It’s almost as if the China Tobacco
Museum doesn’t want you to visit. Call ahead and no one picks up. It’s only open three days a week. They make you show your passport just to get in. What are they so afraid you’ll find out?
Here comes the truth: Chinese tobacco is smooth and delicious.
And yet these guys are modest. They don’t want to simply flop out the fact that their cigarettes have brought joy to so many people — about 320 million Chinese smokers in 2014. Hence the secrecy surrounding the moderately entertaining and informative China Tobacco Museum.
The museum’s exterior is decorated with muscular, fertile Mesoamericans, bare chested but nipple-less, their strength testament to tobacco’s healthful properties. You can take pictures of the building, but do it quickly, or you’ll upset the five bao’ans hurrying you inside. Guys, relax! Have a Double Happiness. They’re soothing, they keep you slim, and four out of five doctors recommend them.
Starting on the third floor, bypassing the Exhibition Hall for Minors, is a history of tobacco. There are wax figures of happy Native Americans and a model of Christopher Columbus’s ship, the Santa María, which brought him in contact with smokers on San Salvador Island in 1492.
Tobacco has been in China for about 500 years. Ming and Qing dynasty rulers banned planting and smoking it "repeatedly," because damn, that shit is moreish. They also ordered that addicts be executed. In the middle of the Qing dynasty, cigarettes were legalized and the British American Tobacco (BAT) Company was soon selling their choice selected Virginia leaves in China.
BAT was manufacturing and distributing 55 billion cigarettes per year in China by 1937, before the Japanese kicked them out. It was only once the sun had set on the occupiers from the land of the rising sun that China really got down to the business of making its own cigarettes.
The China Tobacco Museum’s exhibits include pictures and sculptures of some of China’s most famous smokers with their nicotine delivery systems of choice. Mao liked cigars, especially those made by a guy called Fan Guorong. He also enjoyed a mellow Zhong Hua with his pal Liu Shaoqi. Deng Xiaoping was more of a Panda cigarette man.
A waxwork of military commander Yang Jingyu shows him taking a moment out of fighting Japanese invaders around the Changbai Mountains and the Heilongjiang River to enjoy a revivifying smoke.
Another waxwork — who makes all these things? — features famed author and father of modern Chinese literature Lu Xun lighting up.
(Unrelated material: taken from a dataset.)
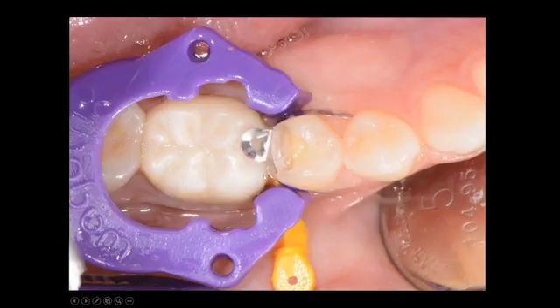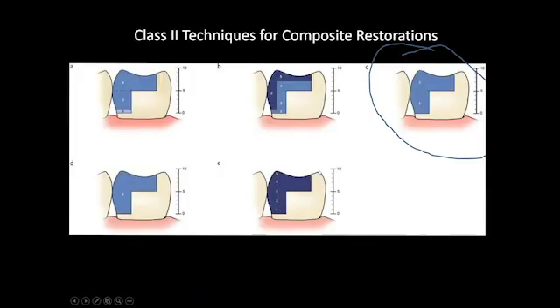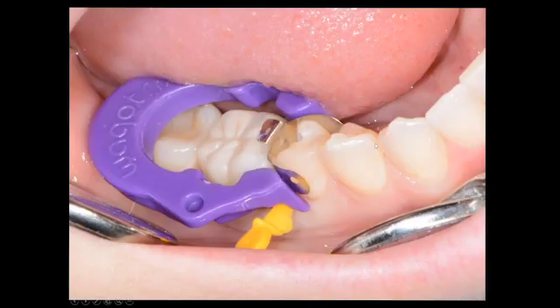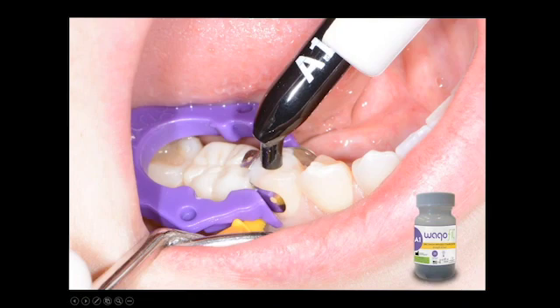We've broken the contact, placed our sectional matrix — what I recommend is taking a gold instrument and burnishing it to get a nice contact. You can see the nice separation of the teeth and the wedge adapting right into the V-shape of the ring. We'll place our etch and then apply our bonding agent of choice. In this case we're going to use the C-method where we fill the proximal box, get the contact, and then add another layer of Wago Fill — no flowable composite in this one.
Lu trained as a doctor before taking up writing and smoking full time. After suffering chronic tuberculosis and bronchitic asthma, which required 300mls of fluid to be drained from his lungs. He died, a hero and a smoker to the end, at the ripe old age of 55.
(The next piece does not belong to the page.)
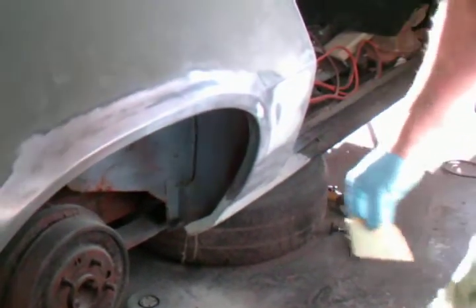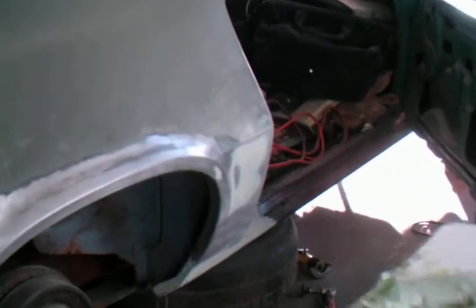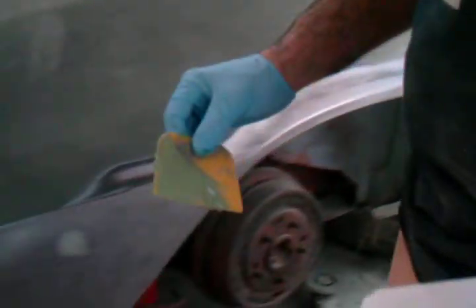So guys, skim coating now. Putting the final coats of the Evercoat, the Lightweight Bondo. This is all skimmed in and done. That's ready for primer.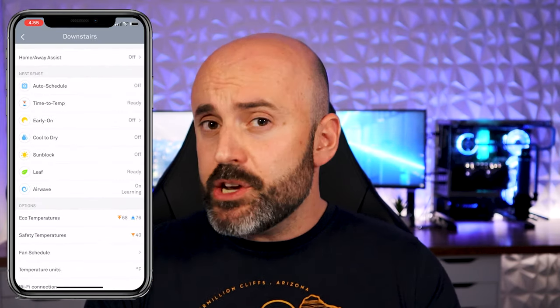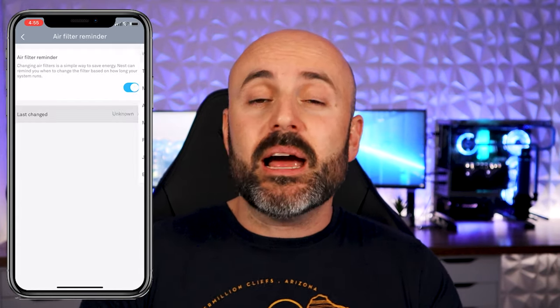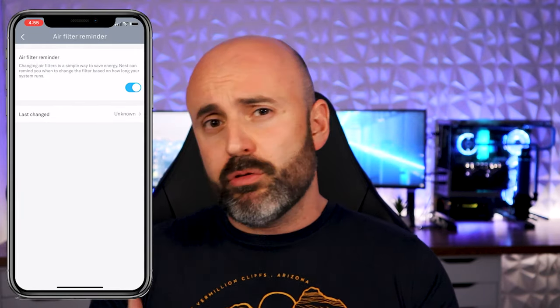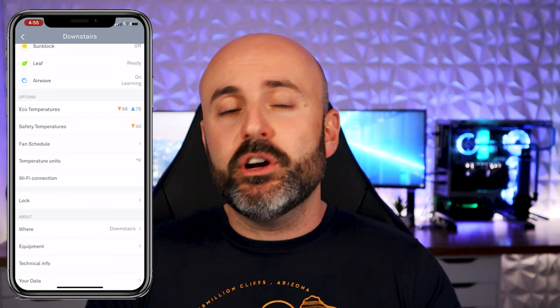The last tip is buried within the settings of the Nest app — it's called Set Air Filter Change Reminder. By turning this setting on, the app will alert you when it's time to change your air filter based on its usage. Unlike many other thermostats that alert you every three months or every six weeks regardless, the Nest app will inform you when it's the appropriate time to change your filter based on your actual usage and air quality. If you want to invest in the quality of your air inside your house and prevent airborne diseases, definitely use this setting.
The museum goes on to show how tobacco is manufactured and administered. China produces a quarter of the world’s tobacco, which is manufactured by the China National Tobacco Corporation (CNTC). It’s administered by the government’s State Tobacco Monopoly Administration (STMA), which oversees 98 percent of the domestic market, and recently blocked a move to ban cigarette advertising. As it stands, tobacco companies can still sponsor sports events and schools.
Dioramas show putty people growing, harvesting and drying the crop. A bronze monument celebrates the officers — "heroes of the day, guards of the golden leaves" — who crack down on counterfeit cigarettes.
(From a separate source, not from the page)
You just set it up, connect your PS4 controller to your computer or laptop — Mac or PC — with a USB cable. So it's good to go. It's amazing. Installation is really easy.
The best part of the museum is the displays of old cigarette cases, matchboxes and illustrated cigarette cards, which were placed in the packs to protect the cigarettes. Good graphics.
The museum also has large display cases of various pipes, pouches, and snuff bottles, including the smoking utensils used by China’s ethnic minorities. There’s a sort of informal gallery of Smoking Hot Chinese Smokers spread around the museum. Sure, their skin looks like mummified scrotum, but who’s to say they’ve aged prematurely? Probably celebrated their 100th birthdays with yak butter tea and a carton of Zhong Nan Hais.
Having brought so much happiness to the people of China, and with tobacco taxes contributing about a tenth of government revenue, it would be easy to inhale the mentholated myth that cigarette smoking is all good, and yet the museum does address the potential harms of cigarette smoking. It lists dangerous substances and states that “the polynuclear aromatic hydrocarbon, N-volatile nitrosamine and phenol fraction may cause cancer.”
Beneath the sign on smoking’s alleged harms is a display case containing a book called “Tobacco and Tobacco Smoke: Studies in Experimental Carcinogenesis” (carcinogenesis means the creation of cancer) as well as cigarette packages depicting PLA soldiers. The connection is clear. Like a strong country, a strong tobacco industry requires sacrifice.
Which brings us back to the Mesoamericans. The Aztecs, Mayans, and others offered blood sacrifices to their gods, killing subjects mainly by decapitation and cutting out their still-beating-hearts, but also by immolation, shooting them with arrows, throwing them into sinkholes, burying them alive, disemboweling them, and tying them to balls of rubber for a game of Ōllamaliztli, or human ping pong.
In China, tobacco kills a million patriots each year.